*** Opening of Dataset excerpt ***

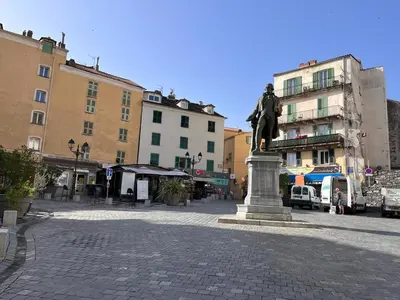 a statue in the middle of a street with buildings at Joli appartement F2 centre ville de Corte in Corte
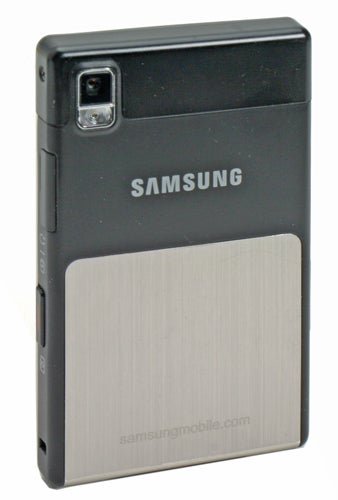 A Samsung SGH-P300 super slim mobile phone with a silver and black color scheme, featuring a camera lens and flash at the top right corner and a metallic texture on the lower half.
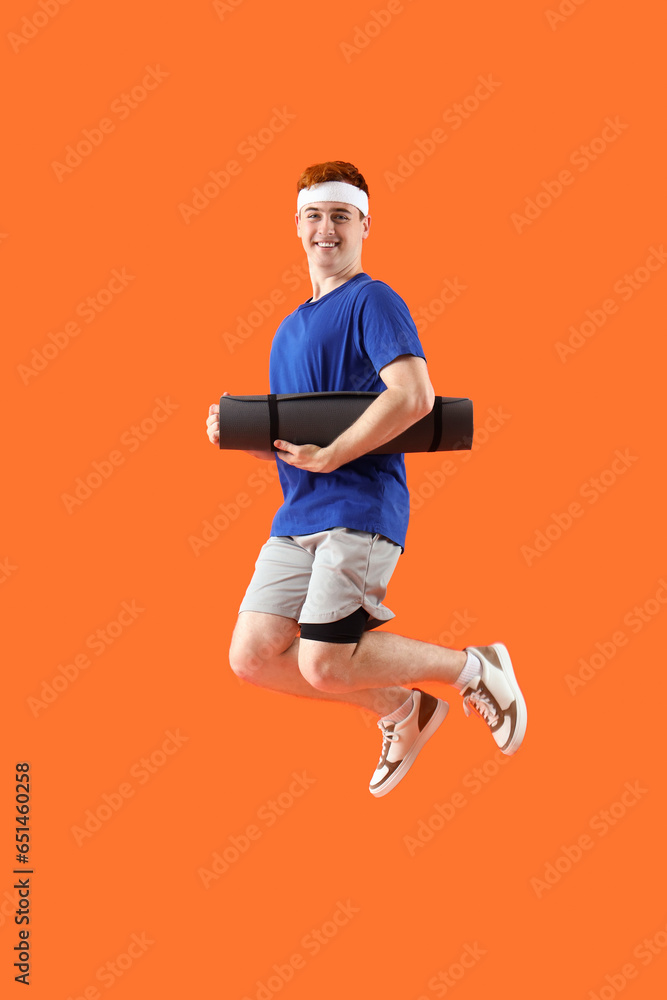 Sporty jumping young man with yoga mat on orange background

*** Close of Dataset excerpt ***

## Exercise aim
In the reply, each line of the data must appear exactly as written, and no picture may appear.

## Response to this exercise
 a statue in the middle of a street with buildings at Joli appartement F2 centre ville de Corte in Corte
 A Samsung SGH-P300 super slim mobile phone with a silver and black color scheme, featuring a camera lens and flash at the top right corner and a metallic texture on the lower half.
 Sporty jumping young man with yoga mat on orange background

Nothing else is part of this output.